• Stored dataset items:
_ _ _ _ _

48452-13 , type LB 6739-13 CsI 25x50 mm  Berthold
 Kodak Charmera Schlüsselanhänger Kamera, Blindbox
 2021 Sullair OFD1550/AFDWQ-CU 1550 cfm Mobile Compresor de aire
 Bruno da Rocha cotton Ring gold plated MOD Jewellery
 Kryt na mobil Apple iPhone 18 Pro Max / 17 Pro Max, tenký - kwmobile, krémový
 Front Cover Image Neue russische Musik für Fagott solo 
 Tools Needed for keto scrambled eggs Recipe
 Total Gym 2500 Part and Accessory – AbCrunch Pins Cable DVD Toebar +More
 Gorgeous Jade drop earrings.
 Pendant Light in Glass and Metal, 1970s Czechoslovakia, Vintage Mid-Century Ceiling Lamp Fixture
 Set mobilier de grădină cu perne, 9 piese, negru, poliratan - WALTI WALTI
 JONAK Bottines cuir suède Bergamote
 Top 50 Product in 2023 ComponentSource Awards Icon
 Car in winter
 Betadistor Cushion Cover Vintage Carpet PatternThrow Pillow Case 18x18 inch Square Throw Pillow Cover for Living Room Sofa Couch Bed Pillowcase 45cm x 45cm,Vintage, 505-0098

_ _ _ _ _

• PROBLEM TO WORK ON:
The records above must each be restated exactly as they stand.

• WRITTEN RESPONSE:
48452-13 , type LB 6739-13 CsI 25x50 mm  Berthold
 Kodak Charmera Schlüsselanhänger Kamera, Blindbox
 2021 Sullair OFD1550/AFDWQ-CU 1550 cfm Mobile Compresor de aire
 Bruno da Rocha cotton Ring gold plated MOD Jewellery
 Kryt na mobil Apple iPhone 18 Pro Max / 17 Pro Max, tenký - kwmobile, krémový
 Front Cover Image Neue russische Musik für Fagott solo 
 Tools Needed for keto scrambled eggs Recipe
 Total Gym 2500 Part and Accessory – AbCrunch Pins Cable DVD Toebar +More
 Gorgeous Jade drop earrings.
 Pendant Light in Glass and Metal, 1970s Czechoslovakia, Vintage Mid-Century Ceiling Lamp Fixture
 Set mobilier de grădină cu perne, 9 piese, negru, poliratan - WALTI WALTI
 JONAK Bottines cuir suède Bergamote
 Top 50 Product in 2023 ComponentSource Awards Icon
 Car in winter
 Betadistor Cushion Cover Vintage Carpet PatternThrow Pillow Case 18x18 inch Square Throw Pillow Cover for Living Room Sofa Couch Bed Pillowcase 45cm x 45cm,Vintage, 505-0098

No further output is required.